■ WHAT YOU HAVE TO DO:
Go through the lines below and repeat each one exactly, skipping pictures.

■ MATERIAL FOR THIS TASK:
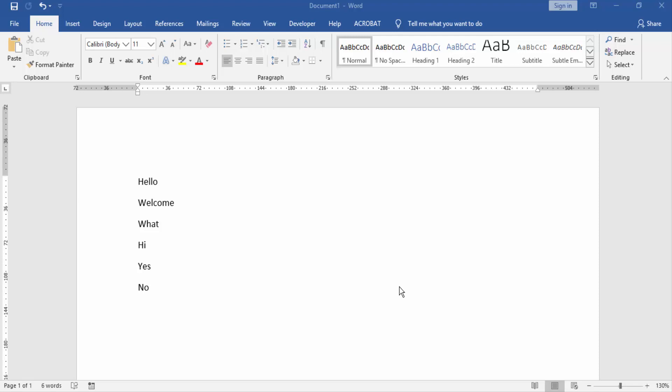Assalamualaikum, hello friends! How are you? Welcome back to another video. Today I'm going to show you how to change ascending and descending order lists in Microsoft Word documents. Let's get started.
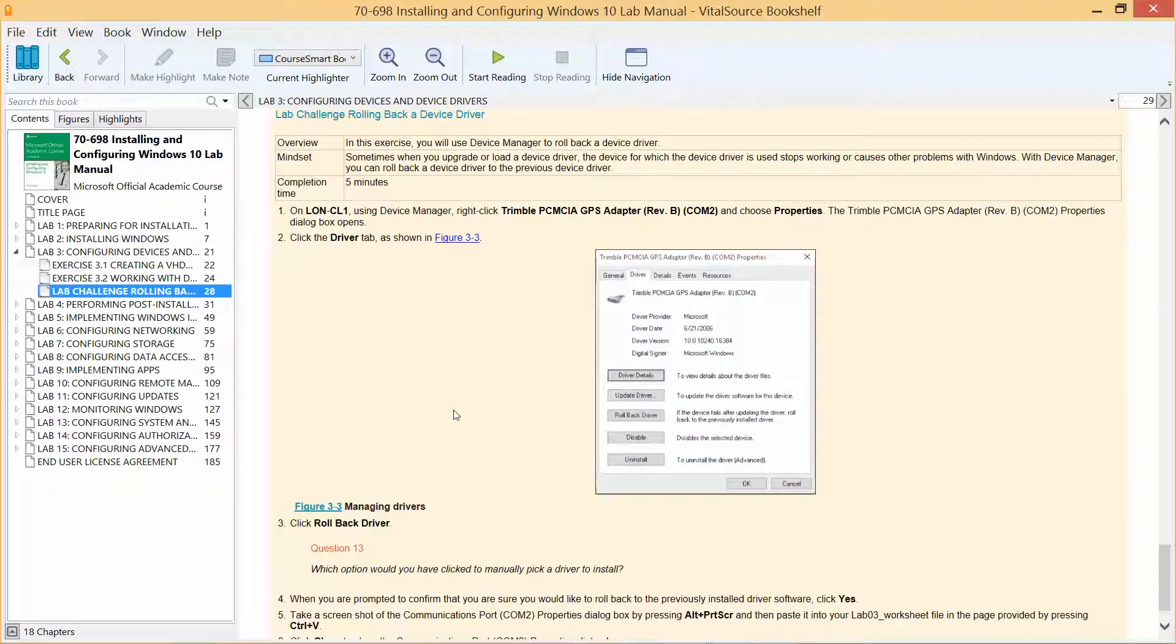This video is going to go over the Lab Challenge, which is rolling back a device driver that we actually installed during Exercise 3.2.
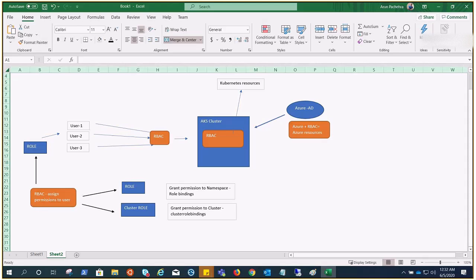Hello everyone. In the previous video we talked about AKS RBAC roles, cluster roles, role bindings and cluster role bindings. We tried to understand how exactly Kubernetes RBAC works. In today's video we are going to perform and see all those roles and role bindings, and in the next video we are going to learn how to integrate Azure RBAC so that Azure resources would have access accordingly.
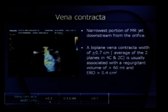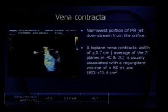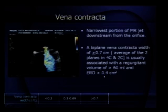Vena contracta is the narrowest portion of the MR jet just downstream from the orifice — the neck of the jet as it leaves the mitral valve. Measure vena contracta in two planes: the four-chamber view and two-chamber view, and take the average. If vena contracta is less than 0.3 cm (3 mm) it is mild; 3–7 mm is moderate; more than 0.7 cm (7 mm) is severe MR, usually associated with regurgitant volume greater than 60 ml and effective regurgitant orifice greater than 0.4 cm².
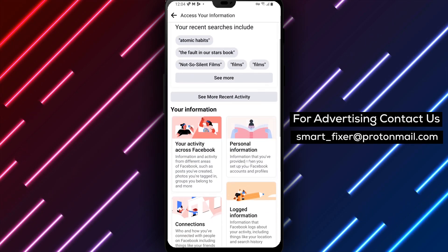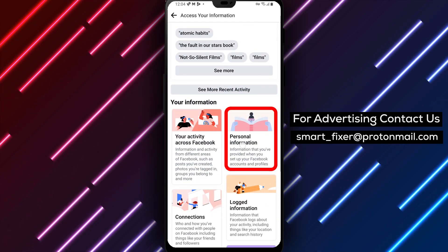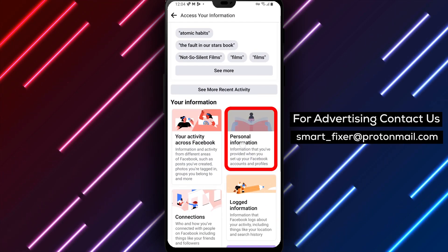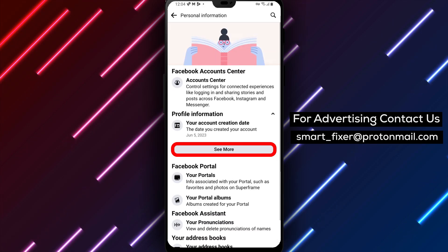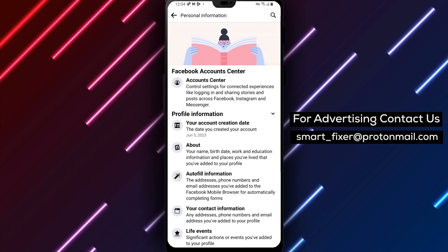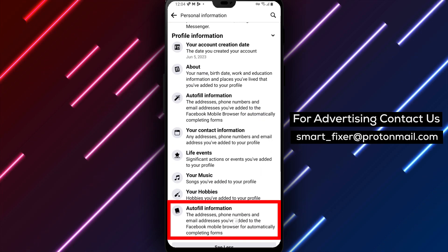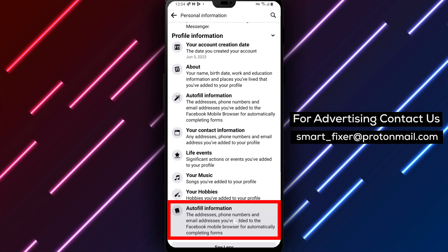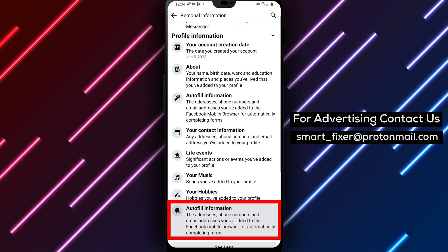Step 7: In the Access Your Information page, tap on Personal Information, and then select See More. Step 8: Now, within the Personal Information section, tap on Autofill Information under the Profile Information.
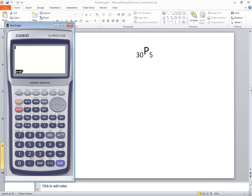Okay, now first thing we're going to do is we're going to put 30 in. And then we'll push Option.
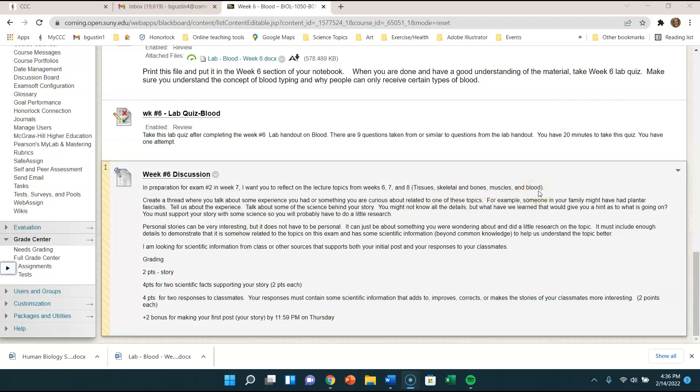I kind of pride myself that I can pick almost any topic and relate it to microbiology in some way because I like studying microbiology. But I'll bet you can find a lot of things related in your life that somehow you can connect into tissues, skeletal and bones, muscles and or blood. So pick a topic.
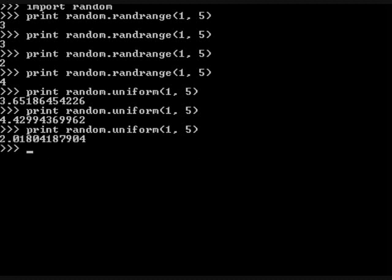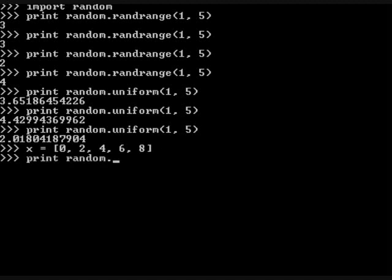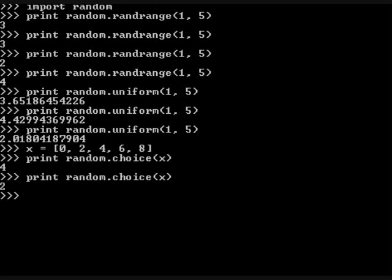Finally, we are going to type x equals 0, 2, 4, 6, and 8. Then, if we type print(random.choice), and then in parenthesis x, and then hit enter, it will choose a random number from the list of numbers we set equal to x. We can do this again, and it will come up with another number from that list.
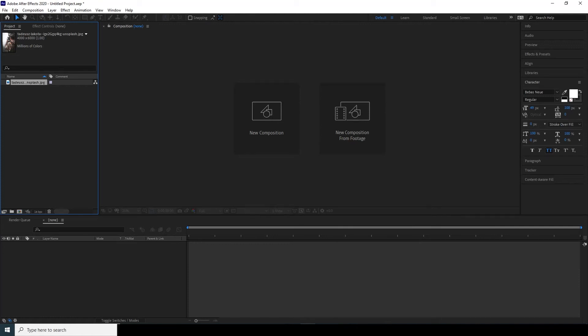Hello everyone, welcome to Winnie Studio and welcome to this brand new After Effects tutorial. In this tutorial I'm planning to create an awesome dynamic-looking Instagram story completely in After Effects — no third-party plugins. With that note, let's jump into the tutorial.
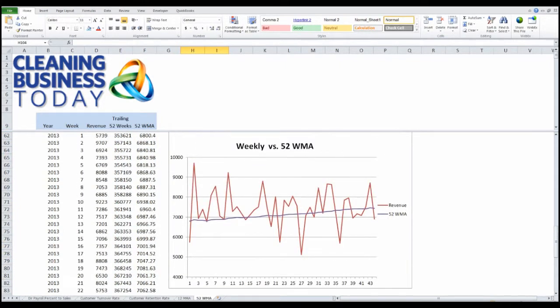When I do that, I get a graph that looks like this, which shows a trend line going up. Same trend line that we saw last month, but now it's on a week-to-week basis.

■ EXERCISE OUTPUT:
Assalamualaikum, hello friends! How are you? Welcome back to another video. Today I'm going to show you how to change ascending and descending order lists in Microsoft Word documents. Let's get started.
This video is going to go over the Lab Challenge, which is rolling back a device driver that we actually installed during Exercise 3.2.
Hello everyone. In the previous video we talked about AKS RBAC roles, cluster roles, role bindings and cluster role bindings. We tried to understand how exactly Kubernetes RBAC works. In today's video we are going to perform and see all those roles and role bindings, and in the next video we are going to learn how to integrate Azure RBAC so that Azure resources would have access accordingly.
Vena contracta is the narrowest portion of the MR jet just downstream from the orifice — the neck of the jet as it leaves the mitral valve. Measure vena contracta in two planes: the four-chamber view and two-chamber view, and take the average. If vena contracta is less than 0.3 cm (3 mm) it is mild; 3–7 mm is moderate; more than 0.7 cm (7 mm) is severe MR, usually associated with regurgitant volume greater than 60 ml and effective regurgitant orifice greater than 0.4 cm².
Step 7: In the Access Your Information page, tap on Personal Information, and then select See More. Step 8: Now, within the Personal Information section, tap on Autofill Information under the Profile Information.
Okay, now first thing we're going to do is we're going to put 30 in. And then we'll push Option.
I kind of pride myself that I can pick almost any topic and relate it to microbiology in some way because I like studying microbiology. But I'll bet you can find a lot of things related in your life that somehow you can connect into tissues, skeletal and bones, muscles and or blood. So pick a topic.
Finally, we are going to type x equals 0, 2, 4, 6, and 8. Then, if we type print(random.choice), and then in parenthesis x, and then hit enter, it will choose a random number from the list of numbers we set equal to x. We can do this again, and it will come up with another number from that list.
Hello everyone, welcome to Winnie Studio and welcome to this brand new After Effects tutorial. In this tutorial I'm planning to create an awesome dynamic-looking Instagram story completely in After Effects — no third-party plugins. With that note, let's jump into the tutorial.
When I do that, I get a graph that looks like this, which shows a trend line going up. Same trend line that we saw last month, but now it's on a week-to-week basis.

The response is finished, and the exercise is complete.